AWS Lambda Durable Functions vs Step Functions: The Serverless Workflow Decision Framework
AWS Lambda Durable Functions change a decision that used to be almost automatic. For years, if a serverless workflow needed to wait, retry, branch, call several services, or survive failure, the usual AWS answer was Step Functions. Now Lambda can run durable executions for up to one year, checkpoint progress, replay completed work, pause without compute charges during waits, and expose workflow primitives directly inside normal application code.
That does not make Step Functions obsolete. It makes the choice more precise.
The old question was, “Do I need orchestration?” The new question is, “Where should orchestration live?” If the workflow is part of application logic and the team wants to write it in Python, TypeScript, or Java, durable functions are attractive. If the workflow coordinates many AWS services, needs visual state inspection, uses native integrations, or belongs to a platform team rather than one application team, Step Functions is still the cleaner boundary.

This distinction matters because both services can now run long-lived processes. Lambda Durable Functions can execute for up to one year. Step Functions Standard workflows also have a one-year maximum execution time. Both can preserve progress. Both can retry. Both can wait. The difference is not duration. The difference is programming model, operational surface, integration depth, and how much workflow state you want outside your code.
The Short Version
Use Lambda Durable Functions when the workflow is code-first, tightly coupled to one Lambda application, and easier to express as sequential logic with durable steps, waits, callbacks, maps, and parallel operations.
Use Step Functions when the workflow is architecture-first, crosses service boundaries, needs a visual state machine, uses many AWS service integrations, or must be owned and audited as a standalone orchestration layer.
| Requirement | Better default | Why |
|---|---|---|
| Business process is mostly one application | Lambda Durable Functions | The orchestration stays close to application code |
| Many AWS services are coordinated directly | Step Functions | Native integrations and visual state machines reduce glue code |
| Developers want Python/TypeScript/Java control flow | Lambda Durable Functions | SDK primitives fit normal programming constructs |
| Platform team owns the workflow | Step Functions | Clear standalone resource, IAM boundary, and execution history |
| Human approval waits inside app logic | Lambda Durable Functions | Callback and wait primitives are direct |
| Long cross-team process with audit needs | Step Functions | State history, graph, and operations model are easier to review |
| Huge fan-out data processing | Step Functions Distributed Map | Built for orchestration-level fan-out |
| Deterministic replay is hard to guarantee | Step Functions | State machine definition avoids replay hazards in arbitrary code |
If you remember one thing, remember this: durable functions are application durability; Step Functions are workflow orchestration.

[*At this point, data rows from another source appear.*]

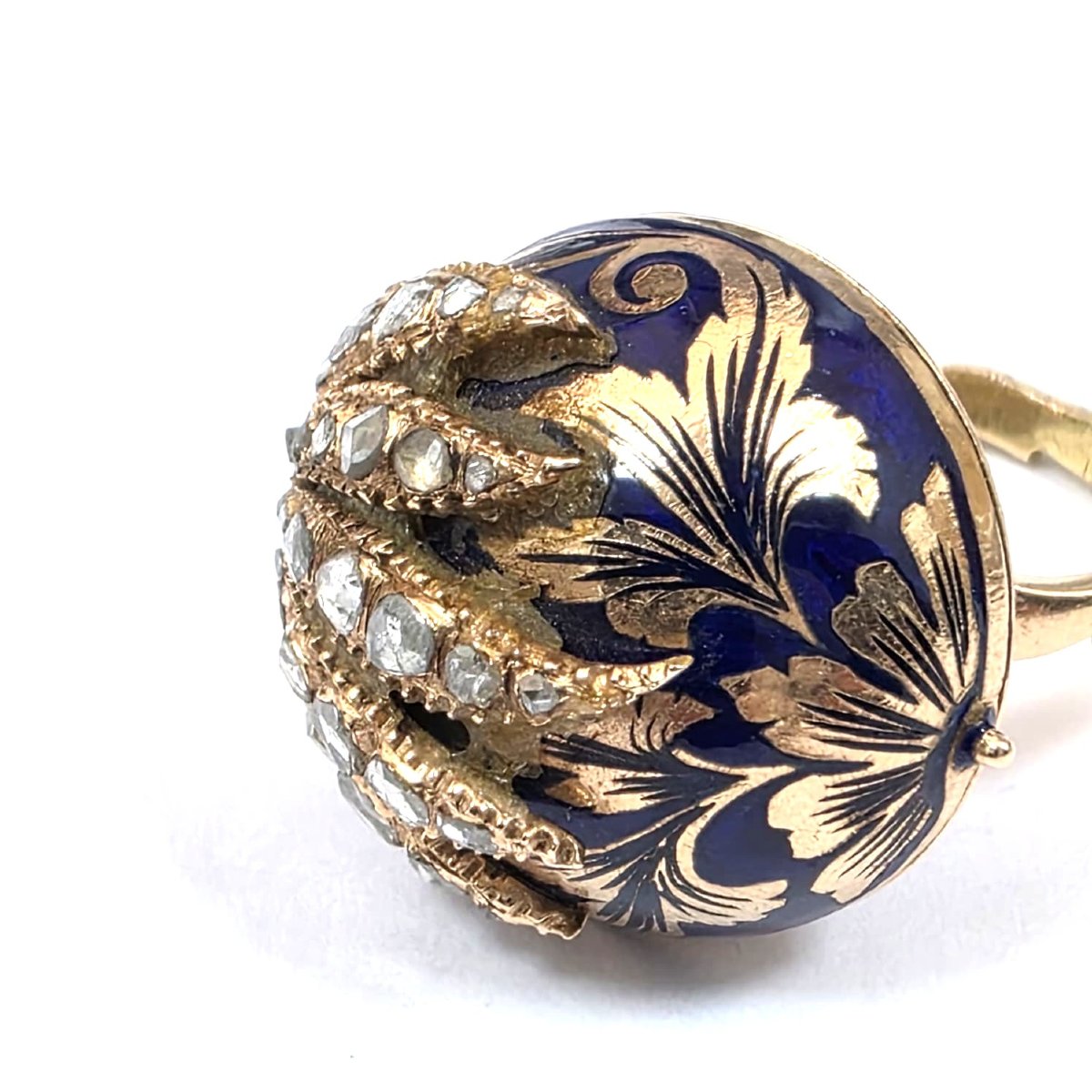 9-karat Yellow Gold "poison Ring" With Enamel And Half-rose-cut Diamonds.-photo-3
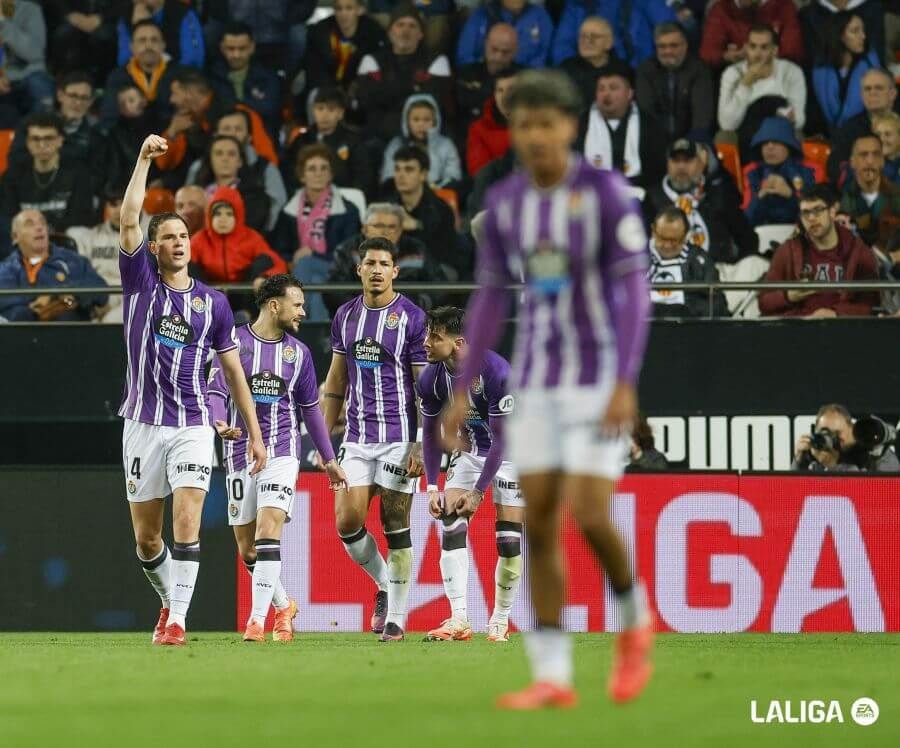 Celebración del gol de Latasa en Mestalla.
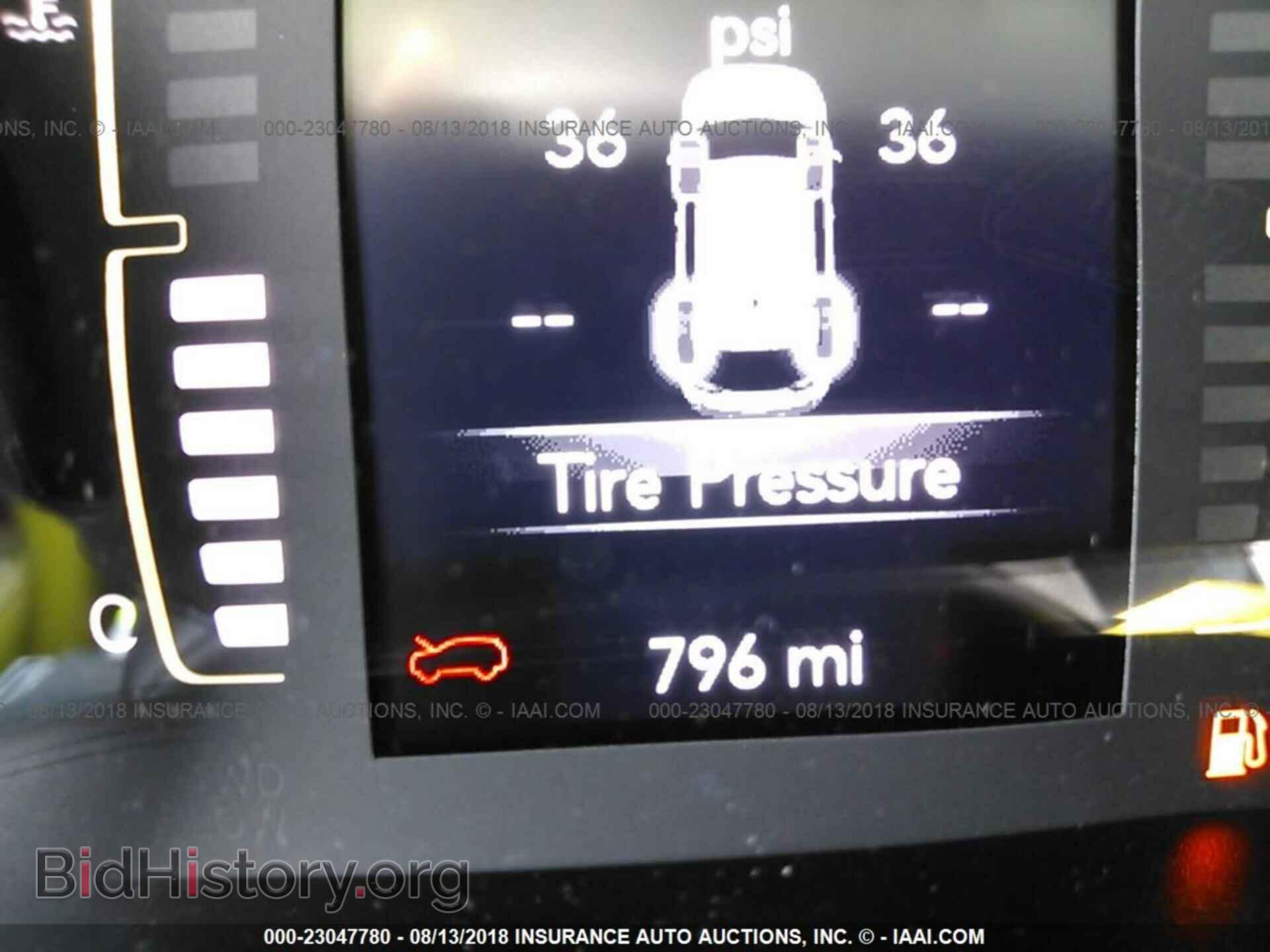2019 Jeep Cherokee - VIN: 1C4PJLLB9KD151604 - Photo 7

What Lambda Durable Functions Actually Do
A durable function is still a Lambda function. The difference is that the handler is wrapped by a durable execution SDK. Instead of running once and forgetting everything after timeout or failure, the function creates checkpoints as it performs durable operations.
AWS describes the model as checkpoint and replay. When your function resumes after a wait, interruption, or retry, the code starts again from the beginning. Completed durable operations are not re-executed. The SDK returns stored results from the checkpoint log and continues from the next unfinished operation.
That sounds strange the first time you read it. It is also the core of the feature.
Consider a payment workflow:
@durable_execution
def handler(event: dict, context: DurableContext):
order = context.step(
lambda _: validate_order(event["orderId"]),
name="validate-order",
)
payment = context.step(
lambda _: authorize_payment(order),
name="authorize-payment",
)
context.wait(Duration.from_seconds(300))
context.step(
lambda _: capture_payment(payment["authorizationId"]),
name="capture-payment",
)
If the function pauses at the wait, Lambda does not keep compute running for five minutes. When it resumes, the handler starts from the top. The SDK sees that validate-order and authorize-payment already completed, returns their stored results, skips those calls, reaches the wait checkpoint, and then continues to capture-payment.
That model creates a new responsibility: deterministic code. During replay, the sequence of durable operations must match the checkpoint log. Random values, wall-clock calls, external API calls, and non-deterministic branching belong inside durable steps, not in the plain replay path.
The Primitives That Matter
The durable execution SDK gives you a small set of primitives. These are enough to build serious workflows, but each one has operational consequences.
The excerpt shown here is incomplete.